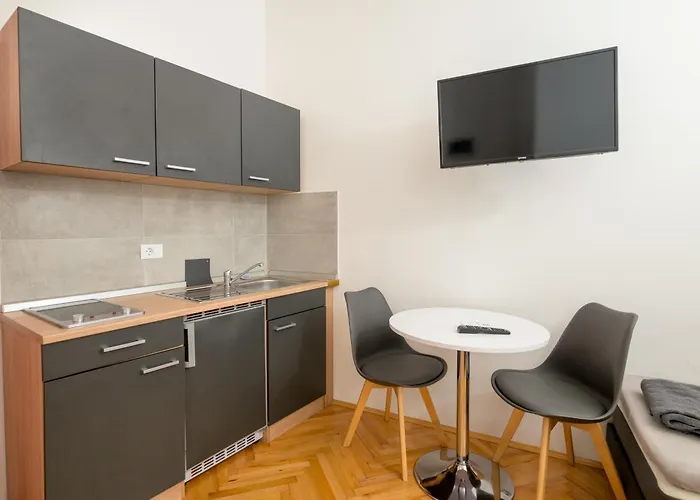 Daire Tiho & Nena Pula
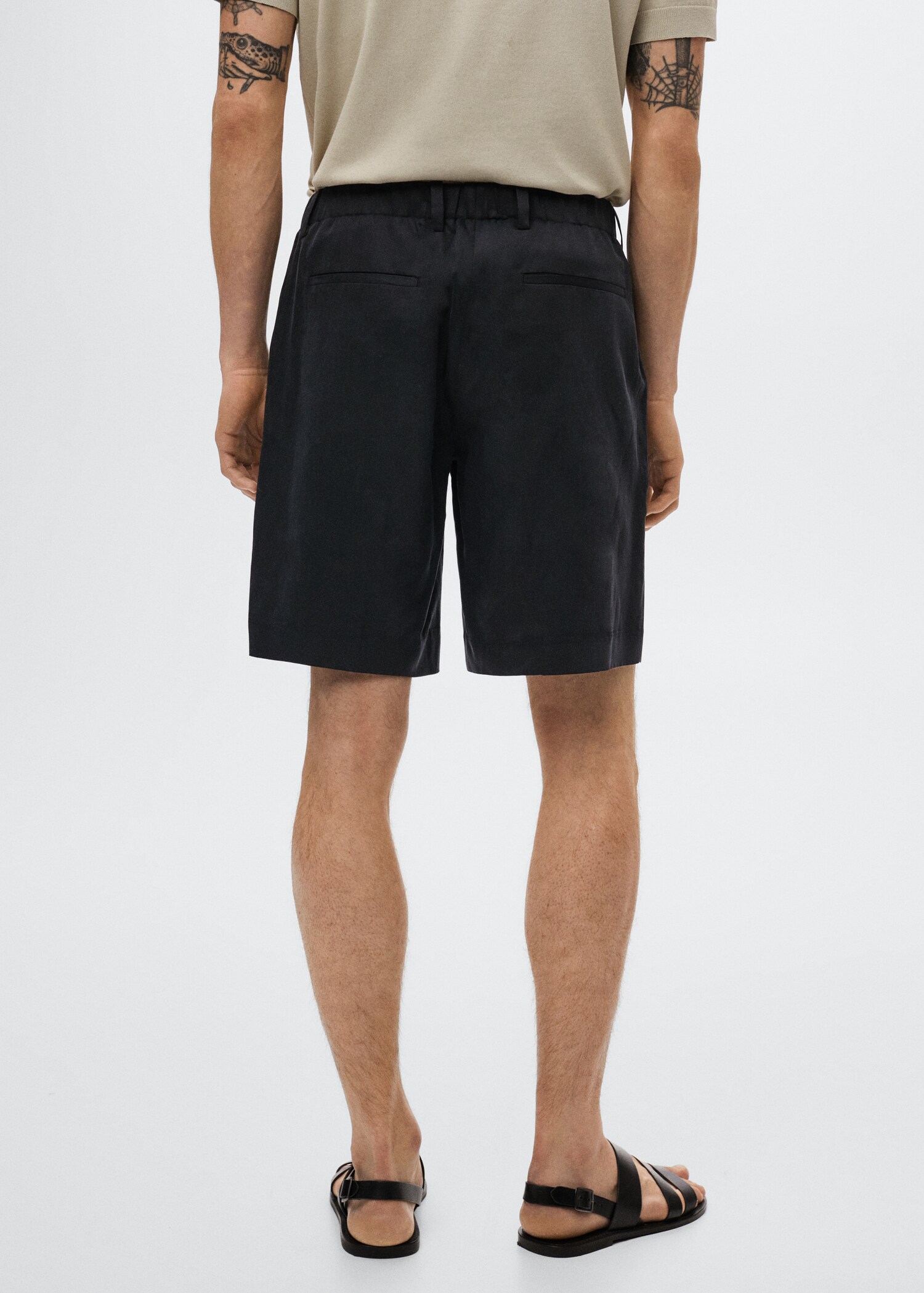 Linen lyocell Bermuda shorts - Reverse of the article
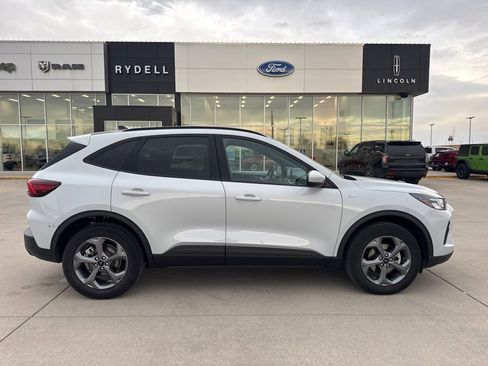 Used 2025 Ford Escape ST-Line Select image 2
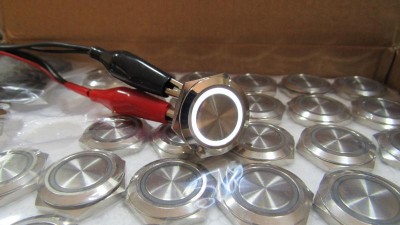 Кнопка антивандальна тактова без фіксації хром 19мм білий колір (18107)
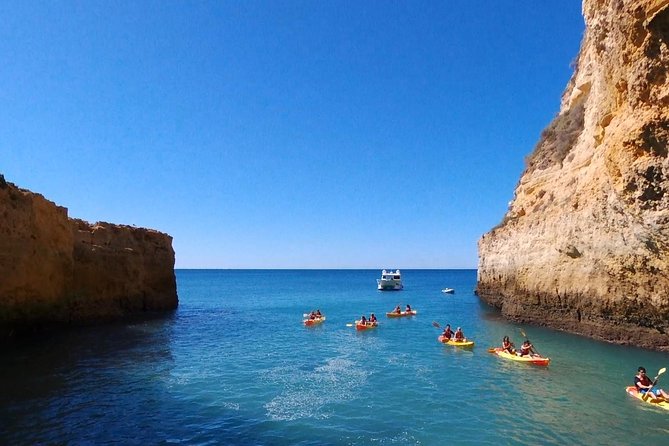 Benagil Kayak Tour On Board a Fantastic Catamaran - Location and Meeting Point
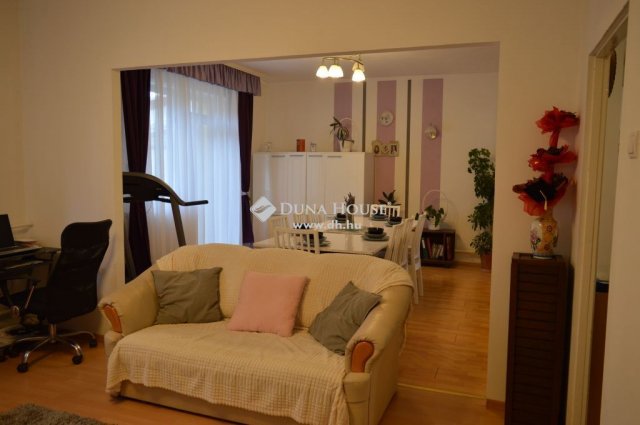 Eladó családi ház, Debrecenben 108.9 M Ft, 6 szobás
################
WHAT YOU NEED TO DO> Each of the lines above should be transcribed exactly; no image is to be copied.

ANSWER SPACE>
 Daire Tiho & Nena Pula
 Linen lyocell Bermuda shorts - Reverse of the article
 Used 2025 Ford Escape ST-Line Select image 2
 Кнопка антивандальна тактова без фіксації хром 19мм білий колір (18107)
 Benagil Kayak Tour On Board a Fantastic Catamaran - Location and Meeting Point
 Eladó családi ház, Debrecenben 108.9 M Ft, 6 szobás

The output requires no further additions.